Frank De Bleeckere fait durer le plaisir avec trois minutes de temps additionnel. "Pourtant, nous lui avons souvent demandé de siffler la fin du match", rigole Igor De Camargo. Michel Preud'homme en profite pour offrir une standing-ovation à Dieumerci Mbokani et Steven Defour, remplacés dans les dernières secondes. Au coup de sifflet final, c'est la folie. "Tout le monde courait partout, personne ne savait où aller", sourit Marcos. Michel Preud'homme est rapidement rejoint par ses proches, les supporters parviennent à monter sur la pelouse. "C'est vrai que je ne me souviens plus de ce que j'ai fait. Je pense avoir serré le coach dans mes bras mais je n'en suis même pas certain à cent pour cent", continue l'attaquant belgo-brésilien. "Nous sautions tous l'un sur l'autre. Un truc de fou. On se moquait de nous partout en Belgique. Tout le monde disait que nous allions devoir attendre cinquante ans pour gagner un nouveau titre mais nous avons fait taire tout le monde. Personne ne croyait en nous mais aujourd'hui, tout le monde se souvient de ce qu'il faisait le 20 avril. Moi en tout cas, on m'en parle encore partout où je vais."

La fête

Des supporters en folie, des joueurs aux anges: tout était réuni pour que cette nuit soit mémorable

La ville de Liège est souvent réputée pour son sens de la fête et ce titre ne changera pas cette réputation. Une véritable folie gagne les rues de la Cité Ardente et des dizaines de milliers de supporters attendent les joueurs dans le centre. Avec un seul mot d'ordre : fêter. De nombreuses sociétés ont même autorisé leurs employés à ne pas venir travailler le lendemain matin, bien conscientes que personne ne serait présent. "C'était de la folie", se souvient Oguchi Onyewu. "Je savais que la grosse majorité de la ville aimait le Standard mais là, je n'avais jamais vu autant de gens heureux en même temps. C'était une première dans ma vie. Liège est bien plus petite que Bruxelles mais pendant deux ans, nous étions la capitale de l'Europe, en fait. Ce titre nous a permis de nous faire connaître partout dans le continent. On a mis le Standard sur la carte. On était un peu comme les Lakers, qui dominaient la NBA à la même époque."

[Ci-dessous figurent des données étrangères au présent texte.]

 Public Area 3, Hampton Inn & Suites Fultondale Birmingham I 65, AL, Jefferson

Les joueurs défilent sur un bus. "Les supporters courraient juste à côté du bus, tout près des roues. J'avais une petite caméra et j'ai encore les images chez moi. Je garde cela pour moi, je n'oublierai jamais ces scènes de joie et j'ai encore tout montré récemment à mon fils de cinq ans", raconte Marcos.

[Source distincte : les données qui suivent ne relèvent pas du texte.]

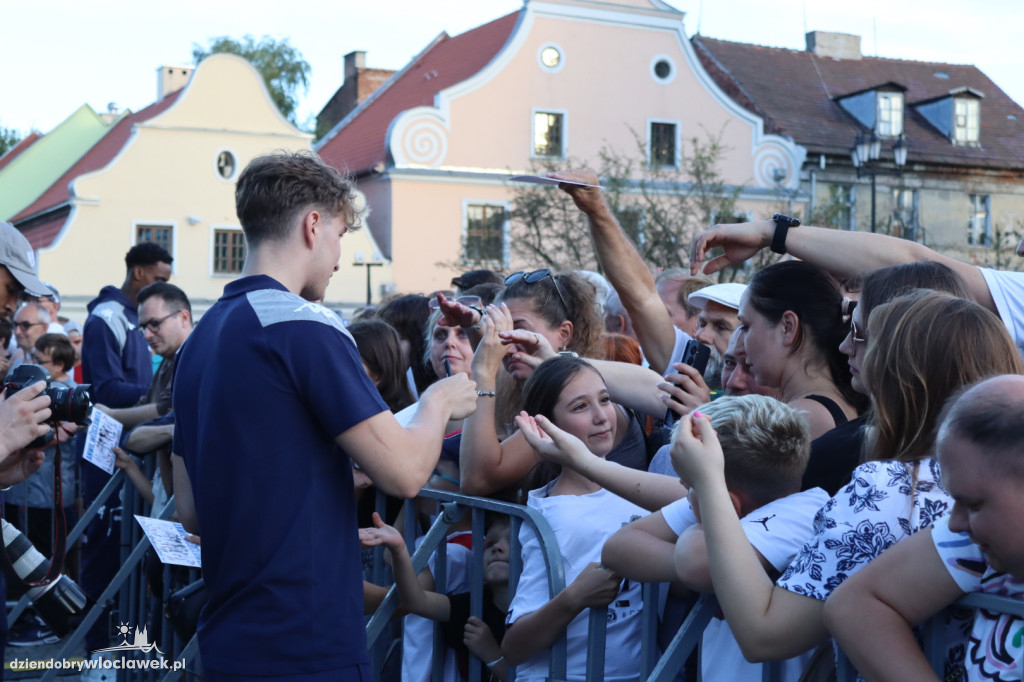Finał letnich brzmień - prezentacja zawodników Anwilu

Par la suite, les joueurs se rendent dans le Carré et dans une boîte de nuit. Avec un seul objectif : décompresser. "Je pense être resté jusqu'à sept heures du matin", grimace Igor De Camargo. "En fait, nous avons fait la fête pendant deux ou trois jours", coupe Marcos. "Avec Jovanovic et Dante, nous étions tout le temps ensemble et dans les trois ou quatre jours qui ont suivi ce match, nous étions en train de faire la fête à la maison, en ville ou au restaurant. Tous nos efforts étaient récompensés. Je ne pense pas qu'un joueur pourra vous dire qu'il ne s'est pas amusé pendant cette fameuse semaine."

"Mais les supporters ont encore fait la fête pendant plus longtemps que nous. Mais il faut les comprendre : 25 ans sans titre, c'est quand même quelque chose", sourit Dieumerci Mbokani. "Moi, je ne bois pas par conviction mais certains ont abusé. Qui. Ah ça, je ne vous le dirai pas", sourit Momo Sarr. "Mais je les comprenais."

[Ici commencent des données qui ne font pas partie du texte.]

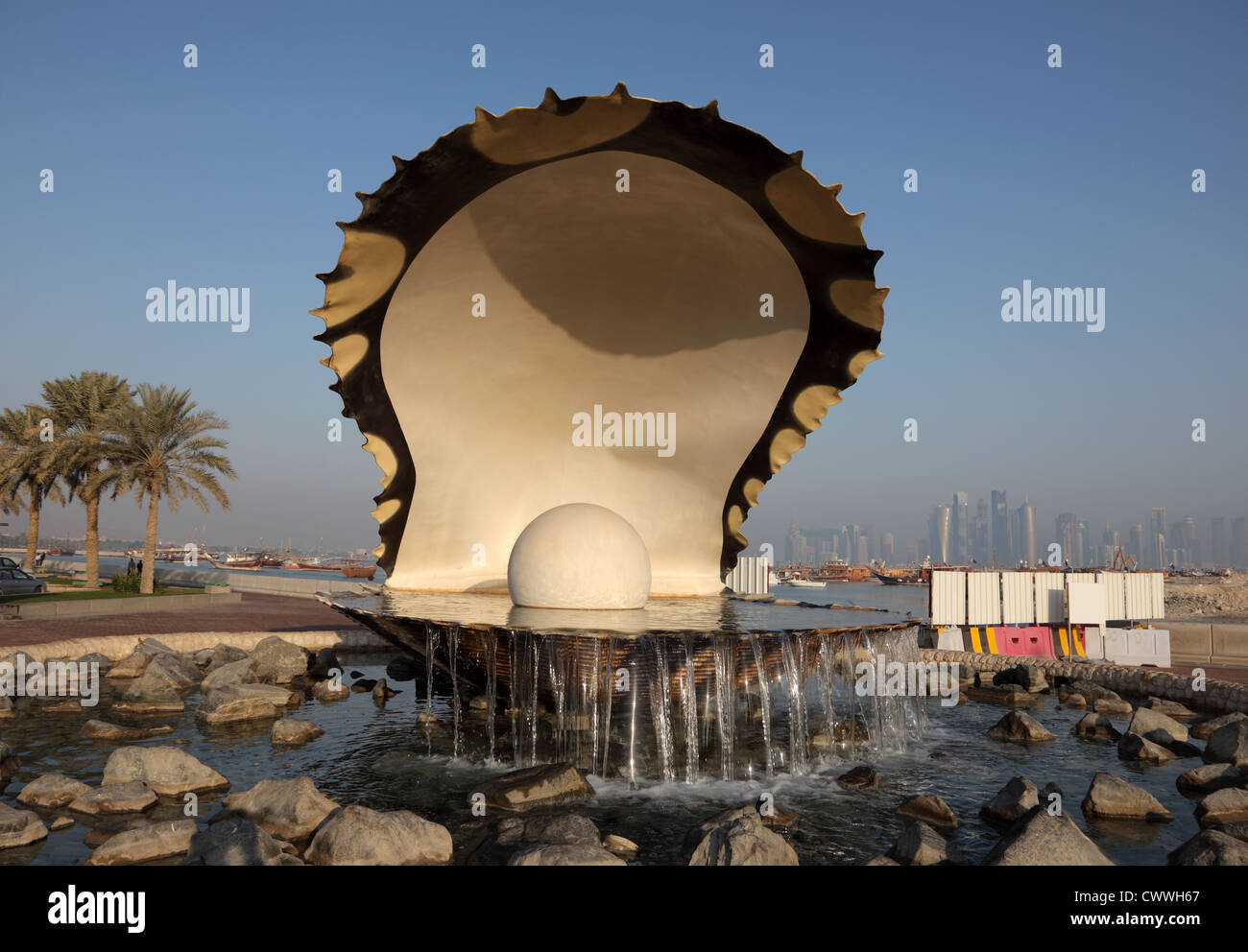 Oyster Pearl Fountain on the Corniche of Doha, Qatar Stock Photo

"Sarr vous a dit qu'il n'avait pas bu ? Alors, je ne dirai rien", éclate de rire Oguchi Onyewu. Défilé devant des dizaines de milliers de supporters, réception à l'hôtel de ville: rien n'était trop beau pour les champions.

Ce Standard avait marqué l'histoire, tout était permis. Car dix ans plus tard, personne n'a oublié.